WEDU
- Tampa–St. Petersburg, Florida; United States;
- City: Tampa, Florida
- Channels: Digital: 13 (VHF), shared with WEDQ; Virtual: 3;
- Branding: WEDU PBS

Programming
- Affiliations: 3.1: PBS; 3.2: World Channel; 3.3: NHK World-Japan;

Ownership
- Owner: Florida West Coast Public Broadcasting, Inc.
- Sister stations: WEDQ

History
- First air date: October 27, 1958
- Former channel numbers: Analog: 3 (VHF, 1958–2009); Digital: 54 (UHF, until 2009);
- Former affiliations: NET (1958–1970)
- Call sign meaning: Education

Technical information
- Licensing authority: FCC
- Facility ID: 21808
- ERP: 25 kW; 38 kW (CP);
- HAAT: 470.9 m (1,545 ft); 471.9 m (1,548 ft) (CP);
- Transmitter coordinates: 27°50′51.5″N 82°15′49.4″W﻿ / ﻿27.847639°N 82.263722°W

Links
- Public license information: Public file; LMS;
- Website: www.wedu.org

= WEDU =

Television station in Tampa, Florida

WEDU (channel 3) is a PBS member television station licensed to Tampa, Florida, United States, serving the Tampa Bay area. It is owned by Florida West Coast Public Broadcasting alongside WEDQ (channel 3.4). The two stations share studios at the Berkman Family Broadcast Center on North Boulevard in Tampa and transmitter facilities in Riverview, Florida.

WEDU began broadcasting on October 27, 1958, as a service to regional schools. During the day, it aired local and national educational programs for telecast in schools, while programs for adults from National Educational Television were telecast in the evenings. The station flourished over the course of the 1960s as schools' use of its programming grew rapidly; in the early 1970s, it suffered as some of that support was reduced. In early 1980, WEDU moved to its present, purpose-built facility on North Boulevard, abandoning its original studios, a surplus United States Navy power plant in dilapidated condition.

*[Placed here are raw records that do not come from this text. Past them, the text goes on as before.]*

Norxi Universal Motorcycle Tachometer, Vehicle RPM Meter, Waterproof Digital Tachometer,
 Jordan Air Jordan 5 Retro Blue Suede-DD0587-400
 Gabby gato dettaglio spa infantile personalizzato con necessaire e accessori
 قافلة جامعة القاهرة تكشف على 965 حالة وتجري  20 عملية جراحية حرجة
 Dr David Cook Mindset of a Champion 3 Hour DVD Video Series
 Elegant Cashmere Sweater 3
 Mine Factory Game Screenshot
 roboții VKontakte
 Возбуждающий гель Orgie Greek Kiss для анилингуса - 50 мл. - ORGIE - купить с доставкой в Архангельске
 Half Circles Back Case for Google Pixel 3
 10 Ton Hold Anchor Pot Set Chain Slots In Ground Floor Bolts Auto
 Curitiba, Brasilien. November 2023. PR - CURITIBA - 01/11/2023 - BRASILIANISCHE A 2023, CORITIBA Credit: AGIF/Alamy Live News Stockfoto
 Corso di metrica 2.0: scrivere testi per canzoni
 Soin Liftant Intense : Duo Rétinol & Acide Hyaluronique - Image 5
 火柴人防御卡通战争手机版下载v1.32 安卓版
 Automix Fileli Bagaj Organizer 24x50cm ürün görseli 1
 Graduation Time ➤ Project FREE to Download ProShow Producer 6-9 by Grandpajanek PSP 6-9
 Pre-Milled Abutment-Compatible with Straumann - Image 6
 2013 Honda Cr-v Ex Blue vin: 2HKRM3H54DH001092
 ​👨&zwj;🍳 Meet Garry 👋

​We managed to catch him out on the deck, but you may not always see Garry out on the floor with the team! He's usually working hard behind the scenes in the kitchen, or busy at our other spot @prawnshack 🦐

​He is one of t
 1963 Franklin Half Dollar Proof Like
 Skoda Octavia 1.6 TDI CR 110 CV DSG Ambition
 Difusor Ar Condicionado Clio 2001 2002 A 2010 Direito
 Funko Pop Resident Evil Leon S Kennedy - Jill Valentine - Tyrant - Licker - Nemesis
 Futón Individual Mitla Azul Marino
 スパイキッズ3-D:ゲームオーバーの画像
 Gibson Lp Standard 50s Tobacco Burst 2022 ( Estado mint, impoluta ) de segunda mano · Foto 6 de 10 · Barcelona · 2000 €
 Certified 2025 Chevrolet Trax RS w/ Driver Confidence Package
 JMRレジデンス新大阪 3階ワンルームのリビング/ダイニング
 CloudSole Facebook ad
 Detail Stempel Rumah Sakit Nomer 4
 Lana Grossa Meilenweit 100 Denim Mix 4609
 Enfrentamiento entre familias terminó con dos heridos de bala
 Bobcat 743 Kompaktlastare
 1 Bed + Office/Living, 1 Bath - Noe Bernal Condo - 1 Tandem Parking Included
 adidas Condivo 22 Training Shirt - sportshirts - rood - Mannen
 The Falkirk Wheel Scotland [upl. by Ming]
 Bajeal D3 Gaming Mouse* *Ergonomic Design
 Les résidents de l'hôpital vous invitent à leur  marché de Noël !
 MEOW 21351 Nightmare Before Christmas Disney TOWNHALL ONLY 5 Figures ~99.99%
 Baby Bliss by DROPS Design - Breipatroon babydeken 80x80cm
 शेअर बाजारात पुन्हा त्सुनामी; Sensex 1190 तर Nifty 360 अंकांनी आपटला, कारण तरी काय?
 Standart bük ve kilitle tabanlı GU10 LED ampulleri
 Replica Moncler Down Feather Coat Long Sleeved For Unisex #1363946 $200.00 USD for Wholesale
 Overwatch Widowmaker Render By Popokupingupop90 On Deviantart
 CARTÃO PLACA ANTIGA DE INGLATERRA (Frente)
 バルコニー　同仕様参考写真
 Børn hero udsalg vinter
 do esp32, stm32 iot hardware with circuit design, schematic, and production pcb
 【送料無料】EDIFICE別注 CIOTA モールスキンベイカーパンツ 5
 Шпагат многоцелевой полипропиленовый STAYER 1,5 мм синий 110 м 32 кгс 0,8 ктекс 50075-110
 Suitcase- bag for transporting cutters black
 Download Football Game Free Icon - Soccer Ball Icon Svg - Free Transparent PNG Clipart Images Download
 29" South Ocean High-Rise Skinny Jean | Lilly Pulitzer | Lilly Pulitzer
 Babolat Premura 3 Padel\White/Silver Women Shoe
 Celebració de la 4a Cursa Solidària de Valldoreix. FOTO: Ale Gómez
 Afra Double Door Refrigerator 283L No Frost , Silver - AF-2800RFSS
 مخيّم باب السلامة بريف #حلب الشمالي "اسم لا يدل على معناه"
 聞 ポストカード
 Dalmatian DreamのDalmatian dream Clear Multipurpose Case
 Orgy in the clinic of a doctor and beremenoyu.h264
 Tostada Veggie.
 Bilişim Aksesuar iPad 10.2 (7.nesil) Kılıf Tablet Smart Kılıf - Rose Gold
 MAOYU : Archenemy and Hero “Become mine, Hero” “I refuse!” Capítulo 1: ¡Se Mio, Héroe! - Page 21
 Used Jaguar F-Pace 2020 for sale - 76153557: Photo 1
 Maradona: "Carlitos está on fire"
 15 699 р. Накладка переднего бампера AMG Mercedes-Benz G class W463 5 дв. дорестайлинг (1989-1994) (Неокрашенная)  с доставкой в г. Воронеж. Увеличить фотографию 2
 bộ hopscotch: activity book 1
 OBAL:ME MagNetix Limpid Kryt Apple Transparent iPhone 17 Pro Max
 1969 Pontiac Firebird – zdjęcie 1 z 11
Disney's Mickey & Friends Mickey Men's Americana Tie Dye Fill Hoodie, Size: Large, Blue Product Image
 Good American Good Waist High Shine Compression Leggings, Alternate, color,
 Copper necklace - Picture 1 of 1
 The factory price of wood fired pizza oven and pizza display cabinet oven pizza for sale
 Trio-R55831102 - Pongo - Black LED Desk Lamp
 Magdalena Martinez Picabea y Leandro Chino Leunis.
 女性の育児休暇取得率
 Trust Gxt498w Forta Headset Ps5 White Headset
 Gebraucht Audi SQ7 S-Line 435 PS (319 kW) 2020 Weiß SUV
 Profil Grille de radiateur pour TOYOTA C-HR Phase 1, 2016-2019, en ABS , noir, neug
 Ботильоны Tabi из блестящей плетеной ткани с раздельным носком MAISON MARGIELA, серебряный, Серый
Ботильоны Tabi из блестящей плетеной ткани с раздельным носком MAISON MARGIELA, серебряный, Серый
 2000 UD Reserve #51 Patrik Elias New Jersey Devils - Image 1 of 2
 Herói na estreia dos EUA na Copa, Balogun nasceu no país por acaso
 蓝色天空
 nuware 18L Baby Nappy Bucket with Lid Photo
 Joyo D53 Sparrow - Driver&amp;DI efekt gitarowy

In 1984, WEDU proposed to switch channels with WTOG-TV (channel 44), a commercial independent station. The proposed deal with WTOG-TV's owner, Hubbard Broadcasting, would have moved WEDU to channel 44 and given it nearly $50 million in cash and incentives; Hubbard sought channel 3 for WTOG-TV so it could shed the stigma of being a UHF station and achieve parity with the region's three VHF network affiliates. The deal sparked a sharp local and national reaction as other commercial and public broadcasters decried the proposal. It was eventually barred by a clause inserted into the Federal Communications Commission budget by Congress. WEDU and Hubbard ultimately reached an understanding that moved channel 3's transmitter to WTOG-TV's tower, replacing its outdated, failing facility.

In the 1990s, WEDU grew its stature in national programming production but failed to find promised revenue in the sector; the ten-year management tenure of Steve Rogers ended with layoffs of nearly a third of the station's staff amid a downturn in viewer contributions. Dick Lobo, a retired broadcast executive, came out of retirement to run the station and succeeded in improving its corporate underwriting and financial reputation. In 2017, WEDU absorbed the license and programming that had been associated with competing public station WUSF-TV, owned by the University of South Florida, when the university sold its spectrum. WEDU produces local public affairs and cultural programming focused on the Tampa Bay area.

==History==
===Early years===
The Federal Communications Commission (FCC) allocated channel 3 to Tampa, Florida, for educational broadcasting in 1952. As early as the following year, regional education leaders from five area counties—Hillsborough, Manatee, Pinellas, Polk, and Sarasota—came together to incorporate the Florida West Coast Educational Television Corporation. State legislators representing the area refused to back the plan, finding it variously premature and expensive.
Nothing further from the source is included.